[Advaita-l] सच्चेन्न बाध्येत, असच्चेन्न प्रतीयेत

Vidyasankar Sundaresan svidyasankar at hotmail.com
Thu Feb 14 08:59:32 CST 2013

One of the difficulties of conveying the Advaita positions on sat, asat, (an)Rta 
and (an)upalabdhi is the medium of translation. For example, 
> In the BhAShyam for 'satyam' of the passage 'सत्यं ज्ञानम् अनन्तं ब्रह्म’
> of this Upanishad, Shankara gives a very crisp but comprehensive definition
> of what 'satyam' is:
> // *यद्रूपेण** यन्निश्चितं तद्रूपं न व्यभिचरति, तत् सत्यम् ।*
> यद्रूपेणयन्निश्चितं तद्रूपं व्यभिचरति, तदनृतमित्युच्यते । अतो
> विकारोऽनृतम्,
> ’वाचारंभणं विकारो नामधेयं मृत्तिकेत्येव सत्यम्’, एवं सदेव सत्यम्
> इत्यवधारणात् ।
> //*As for satyam, a thing is said to be satyam, Real, when it does not
> change the nature that is ascertained to be its own; *and a thing is said
> to be unreal when it changes the nature that is ascertained to be its
> own. Hence
> a mutable thing is unreal, for in the text, ‘All transformation has speech
> as its basis, and it is name only. Clay as such is the reality.’
> (Chandogya Up. 6.1.4), it has been emphasized that, that alone is true that
> Exists (Ch.Up. 6.2.1) //

Here, what is called unreal in the English language is actually described not as
asat/asatya in the saMskRta original, but as anRta (अनृत). Personally, I would
like to search for a different English word than unreal to translate this, especially
as later in the same upanishat, there is a sentence that says satya itself became
satya and anRta. The upanishat text and the bhAshya very masterfully play with
the words sat, asat and anRta, to direct our attention to that which is beyond
> In this very upanishad bhaShyam, further down from the above reference,
> Shankara observes while commenting on the passage: असन्नेव स भवति
> असद्ब्रह्मेति वेद चेत् (२.६)thus: ...यदस्ति तद्विशेषतो गृह्यते; यथा घटादि ।
> * यन्नास्ति, तन्नोपलभ्यते; यथा शशविषाणादि ।* ..... न च असतो जातं किञ्चिद्
> गृह्यते लोके कार्यम् । असतश्चेन्नामरूपादि कार्य,* निरात्मकत्वात्
> नोपलभ्येत;*उपलभ्यते तु, तस्मादस्ति ब्रह्म । [’If anyone knows Brahman
> as
> non-existing, he himself becomes non-existent. (2.6) bhashyam: ...whatever
> exists is perceived as possessed of distinctive attributes, as for instance
> a pot, etc. Whatever is non-existent is not perceived, as for instance the
> horn of a hare etc. .... And no effect is perceived in this world as having
> been produced from a non-entity. If such effects as name and form had
> originated from a non-entity, *they should not have been perceived since
> they are insubstantial* (nirAtmakam). But they are perceived. Hence
> Brahman exists (and not a non-existing entity)]
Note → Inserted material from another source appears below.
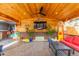 Covered patio area with an outdoor living space, television, and bar at 1313 Garden Cir, Longmont, CO 80501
Again, here, to get the full force of nirAtmakatva in translation, I would choose,
"they would not have been perceived, since they would have been insubstantial."
The point is that if name and form had originated from the unreal (asatash cet),
then they would have been nirAtmaka and therefore they would not have been
perceived at all (na upalabhyeta). That they are indeed perceptible (upalabhyate
tu) means that their source has to be sad-vastu.
This may seem like a minor point, but I bring it up, because one of the major
misunderstandings of advaita, both by followers of other vedAnta streams and
by people who were originally alien to any vedAnta tradition is this. They take 
advaita as saying that nAma and rUpa are anyway unreal, so they mistakenly
ask, why should one argue for a real source of an unreal world?